(Beginning of DATA UNDER STUDY)

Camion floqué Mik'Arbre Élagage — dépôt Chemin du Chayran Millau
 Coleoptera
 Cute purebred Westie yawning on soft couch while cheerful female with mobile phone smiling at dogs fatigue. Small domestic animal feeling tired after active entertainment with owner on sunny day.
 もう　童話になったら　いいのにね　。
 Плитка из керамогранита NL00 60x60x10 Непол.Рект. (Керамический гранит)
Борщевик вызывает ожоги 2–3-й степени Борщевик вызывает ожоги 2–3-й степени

(End of DATA UNDER STUDY)

## WHAT IS EXPECTED
Start at the line containing "もう　童話になったら　いいのにね　。" and copy each line through the last one in the records, exactly and with nothing added.

## OUTPUT BELOW
 もう　童話になったら　いいのにね　。
 Плитка из керамогранита NL00 60x60x10 Непол.Рект. (Керамический гранит)
Борщевик вызывает ожоги 2–3-й степени Борщевик вызывает ожоги 2–3-й степени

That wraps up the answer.